Every morning, the swarms of New York commuters inspire.
I always boxed men as having it easy in terms of how to dress, but male outfits are much more nuanced than I ever imagined. Besides the different kinds of patterns, buttons, jackets, materials, cuts, belts, buttons, there’s also the matter of shoes, socks, ties, and facial hair. Take plaid, for example; I had no idea plaid could mean so many different styles. On my daily commute, I’ve seen thin and thick stripes, white and pastels, complimentary colors, and clashing colors. Shirt and slacks are far from a dictated uniform.

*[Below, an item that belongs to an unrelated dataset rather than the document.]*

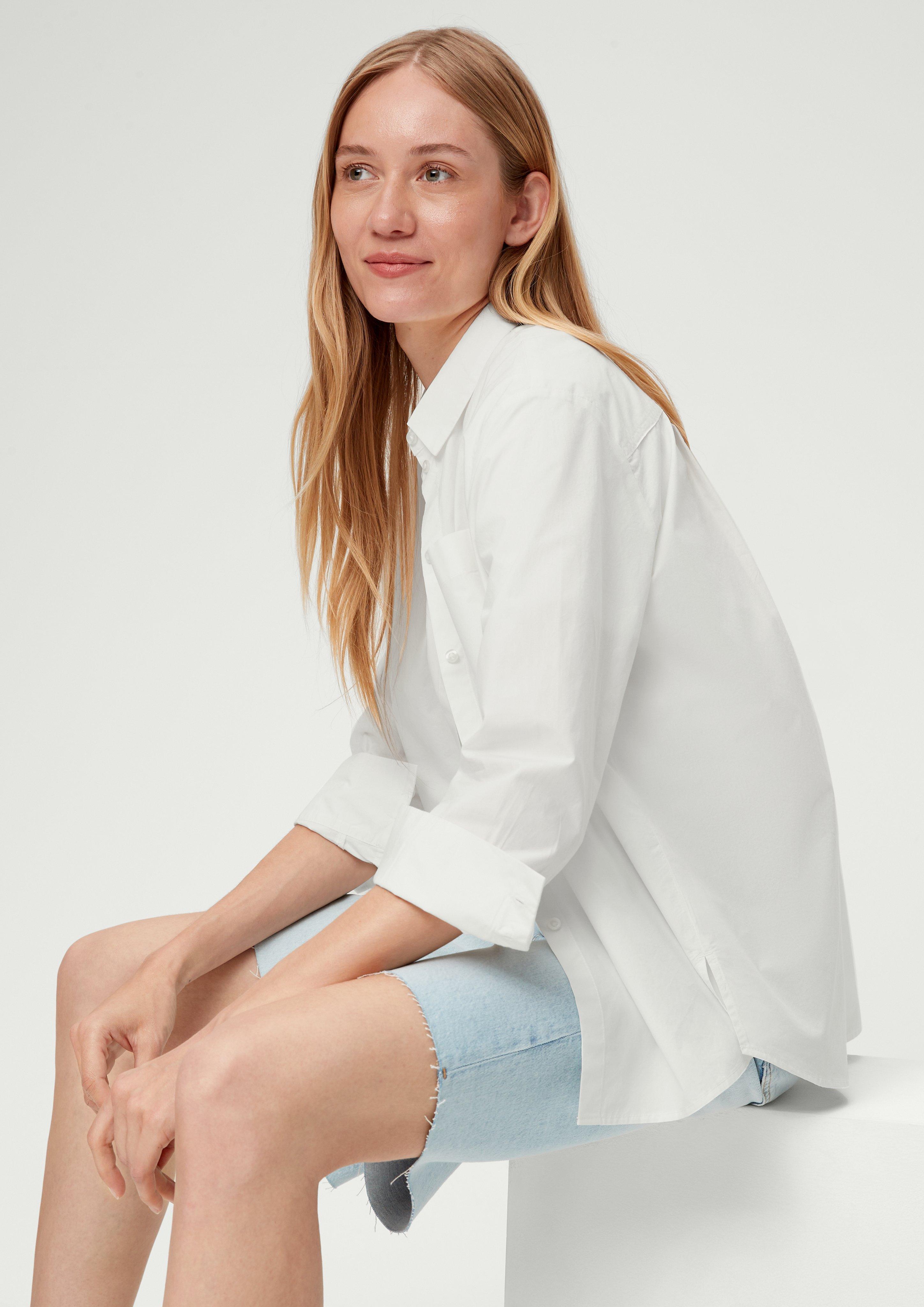 Bluse aus Popeline  2132609-0210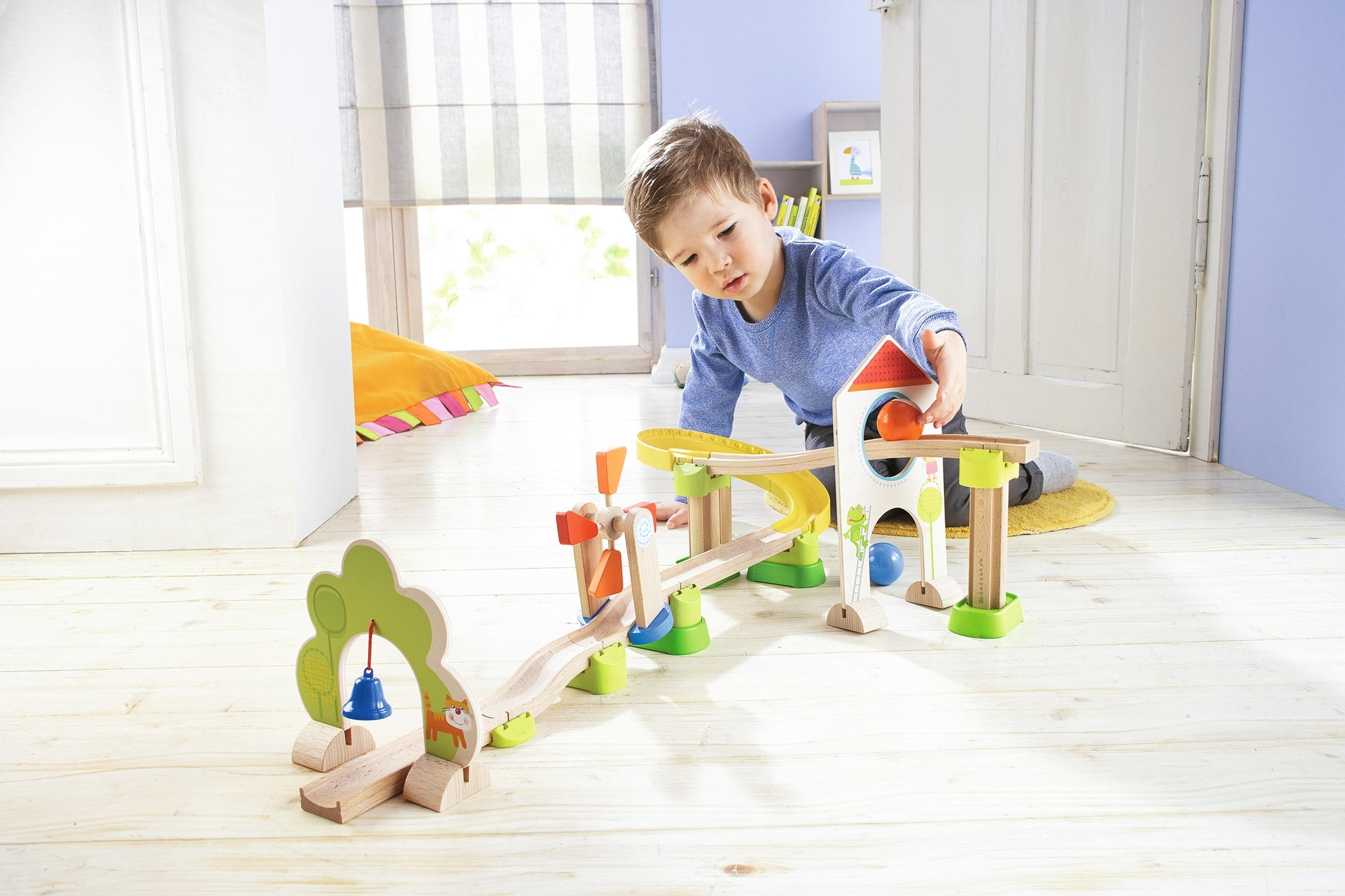 KUGELBAHN - Multicolor, Basics, Holz/Kunststoff - Haba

It does seem that women are sometimes enclosed into their own uniform: the “Hillary Clinton pants” with a button down blouse and some sensible flats. But more often than not, textures, colors, shoe heels, hair, and nails all are unique. Just this morning, I saw four different white blouses - all made of different materials (lace, silk, a thick cotton, and a thin cotton), with different sleeve lengths and necklines. This doesn’t include the cute white eyelet lace dress that was on 9th to 23rd, or the loose draped dress that walked a block next to me after I got out of the station. I’ve seen so many different shoes that it could be an article in itself. Throw in the added twist of carrying “work shoes” in purses and the number of pieces to consider doubles.
Learning from observation, I’ve come across a few fundamental lessons since I can’t wear the same shorts and t-shirt every day of the week (the ultimate outfit at school or at home). I have to accommodate the sweaty walking, freezing office, and whatever other activities that may happen after work. Dresses, something I strenuously avoided ten years ago, have become a godsend. Jewelry is more often than not defines an outfit. Closed-toe shoes have never been more preferable.
As easy as it is to get lost in the protective bubble of my phone, it’s also incredible to watch the catwalk right next to me in the train, at the station, or on the street.